A new philosophy
A Labour government was elected in 1935, and in 1939 Education Minister Peter Fraser explained the rationale behind planned reforms: ‘[E]very person, whatever his level of academic ability, whether he be rich or poor, whether he live in town or country, has a right, as a citizen, to a free education of the kind for which he is best fitted, and to the fullest extent of his powers.’ 1
He acknowledged that country children had been disadvantaged.
By 1947, the number of country primary schools was still high, but the proportion of children attending had plummeted. That year, 65% of New Zealand’s 1,900 primary schools had one or two teachers, but they catered for only 16% of primary school-age children. However, thanks to reforms, these children were receiving a better education than before.
Teachers at country schools often had to travel long distances to and from school each day. Some boarded with local families. A lucky few lived in a teacher’s house built next to the school. But as time passed this residence could become run down. In the 1950s the house for Morven school in Canterbury had ‘a coal range that deserved a pension’ and an outside toilet with a ‘bucket then dig hole system’. 2
Before 1938, teachers had gained promotion by moving up from low- to high-graded schools. A school’s grade was based on the number of pupils it had, so smaller country schools tended to attract only novice teachers, who moved on to town schools once they had gained experience.
From 1938, primary teachers could not advance beyond a certain salary level until they had served three years at a country school. Also, more emphasis was put on years of service than the size of the school in teachers’ salary increases. This drew more experienced teachers to country schools.
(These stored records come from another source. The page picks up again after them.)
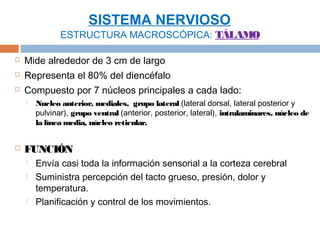 SISTEMA NERVIOSO
               ESTRUCTURA MACROSCÓPICA: TÁLAMO

   Mide alrededor de 3 cm de largo
   Representa el 80% del diencéfalo
   Compuesto por 7 núcleos principales a cada lado:
       Nucleo anterior, mediales, grupo lateral (lateral dorsal, lateral posterior y
        pulvinar), grupo ventral (anterior, posterior, lateral), intralaminares, núcleo de
        la línea media, núcleo reticular.


   FUNCIÓN
       Envía casi toda la información sensorial a la corteza cerebral
       Suministra percepción del tacto grueso, presión, dolor y
        temperatura.
       Planificación y control de los movimientos.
Housing shortages during the 1940s and 1950s made the house attached to many small schools a bonus for married teachers.
In 1942 the Country Library Service set up a section for children in rural areas, which became the School Library Service. The Correspondence School grew, both in reputation and student numbers. A 1955 film on its work, A letter to the teacher, was nominated for the Berlin Film Festival.
By the 1960s urban and rural primary schools had the same curriculum. Country teachers had become skilled at teaching different ages and levels in one classroom, and their techniques attracted overseas interest. Classes were informal, with all children taking part in some activities. At other times, some received the teacher’s attention, while others practised writing or read silently.
After the Proficiency examination was dropped in 1937, and the school leaving age was raised to 15 in 1944, more children went to secondary school.
District high schools were criticised for their poor teaching, facilities and range of subjects. In 1949 the ‘country service’ requirement, which already applied to primary teachers, was introduced for secondary teachers, to address the teaching issue. But this proved unpopular, and older teachers were exempted.
In 1940, Correspondence School teacher Catherine Forde was sent to visit pupils in Central Otago. She recalled one trek to a remote farm: ‘I saw the farmhouse inside a high hedge with a wide-barred gate facing the river. On top of the gate sat a little girl looking at me with friendly interest and amazement. I found that she was our Correspondence School pupil; and what a reception I was given that day! They couldn’t have been more solicitous if I’d swum up the river’. 3
In 1966 many district high schools were separated into primary schools and secondary schools covering forms one to six (years seven to 12). Some of the smaller ones became area schools, covering new entrants to form five (year 11). But although rural secondary education improved, many children still boarded at town schools.
Preschool and adult education
From the 1970s, preschool and continuing education services grew. In 1976 preschool children were enrolled at the Correspondence School for the first time, and in the late 1970s, mobile kindergarten vans were introduced.
In 1979 REAP (Rural Education Activities Programme) offered further education for rural people, from preschool through to adult learners. It was set up in large districts that had fewer than 20,000 people.